# Data for processing
>>>
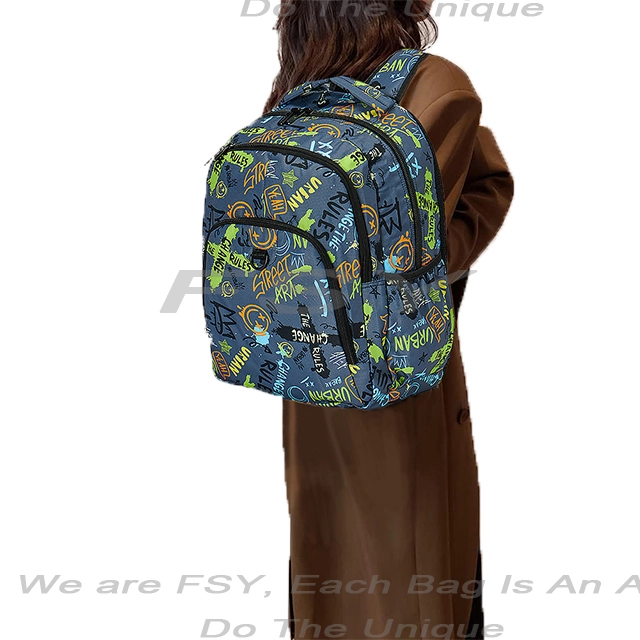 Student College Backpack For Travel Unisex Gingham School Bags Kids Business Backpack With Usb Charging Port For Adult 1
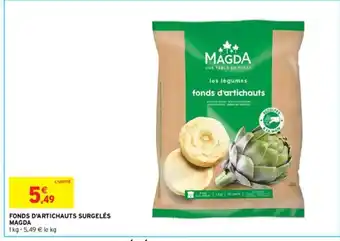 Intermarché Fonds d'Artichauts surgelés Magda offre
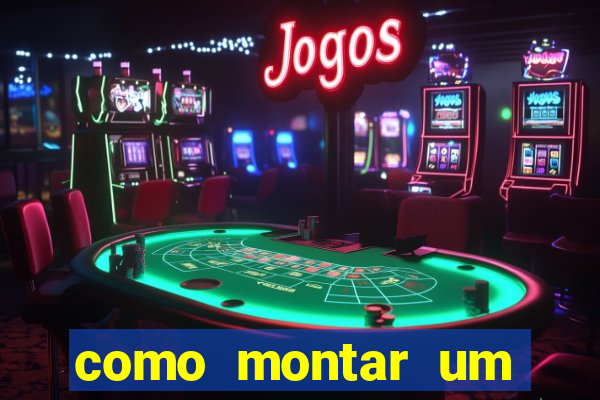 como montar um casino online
<<<
>>>
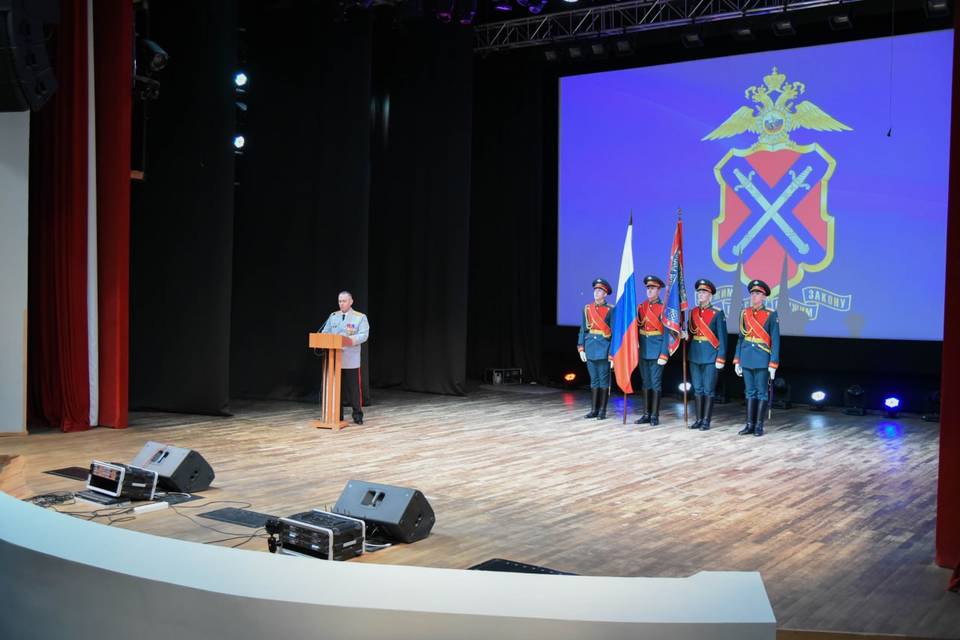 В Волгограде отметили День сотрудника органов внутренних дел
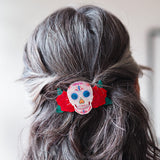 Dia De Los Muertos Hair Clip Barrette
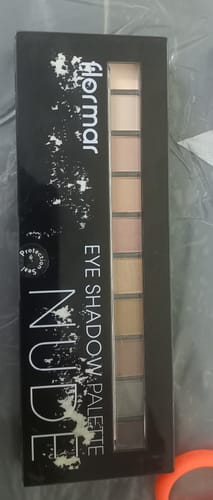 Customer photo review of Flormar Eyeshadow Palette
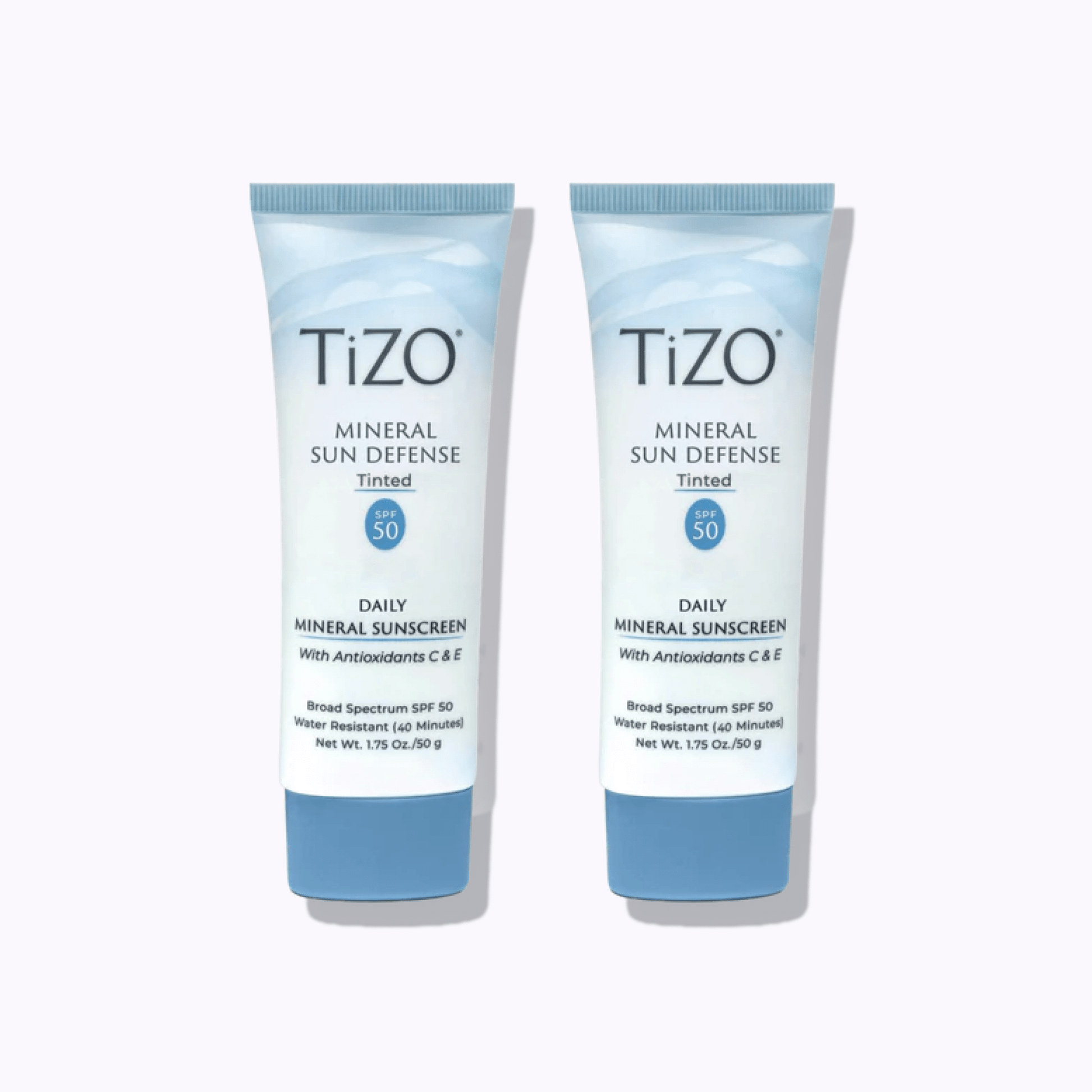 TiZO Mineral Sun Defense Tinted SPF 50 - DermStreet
<<<
>>>
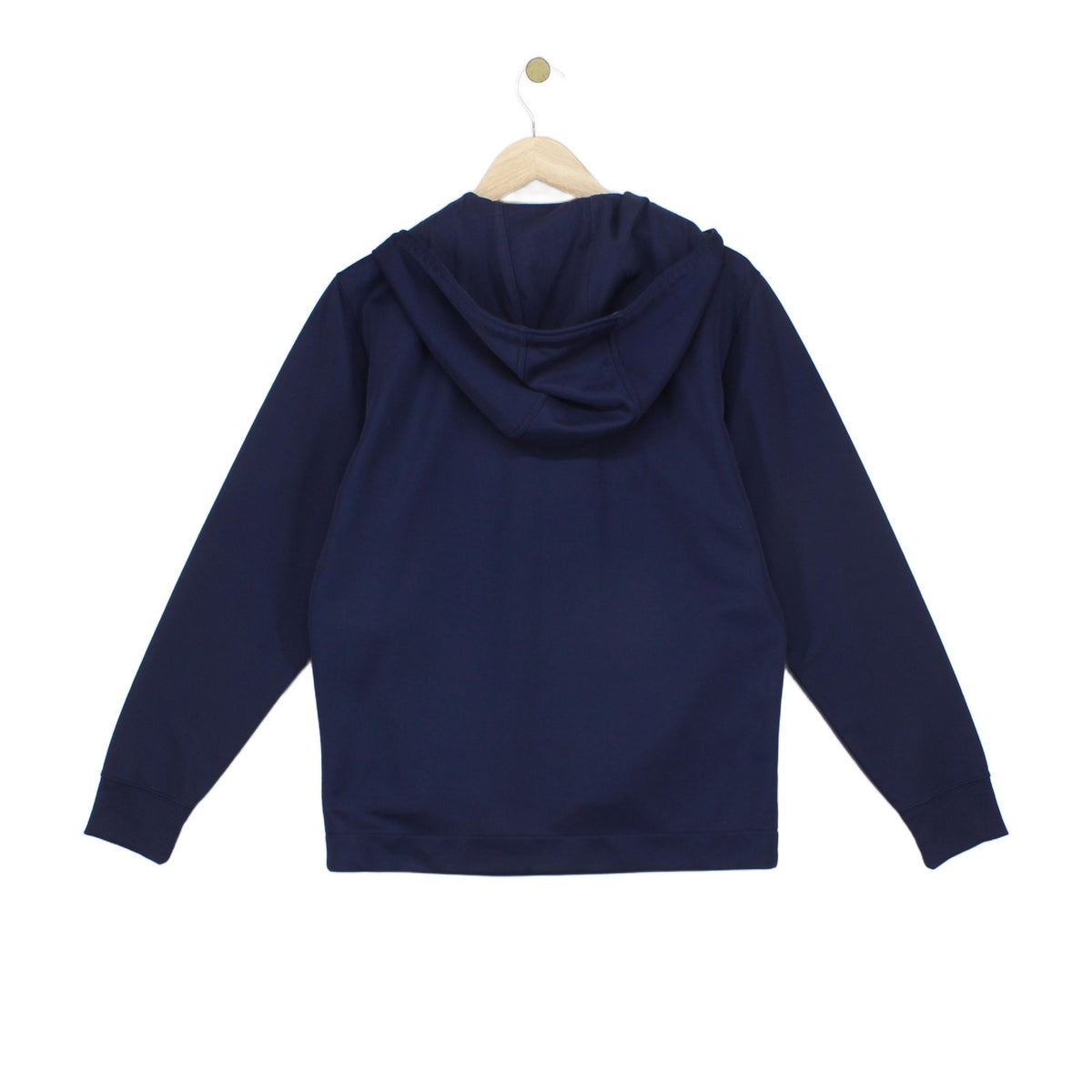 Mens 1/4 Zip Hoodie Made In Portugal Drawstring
<<<
# Exercise details
Your copy should hold only the lines above from the one containing "Student College Backpack" through the one containing "como montar um casino online", exactly as written and free of pictures.

# Response area
 Student College Backpack For Travel Unisex Gingham School Bags Kids Business Backpack With Usb Charging Port For Adult 1
 Intermarché Fonds d'Artichauts surgelés Magda offre
 como montar um casino online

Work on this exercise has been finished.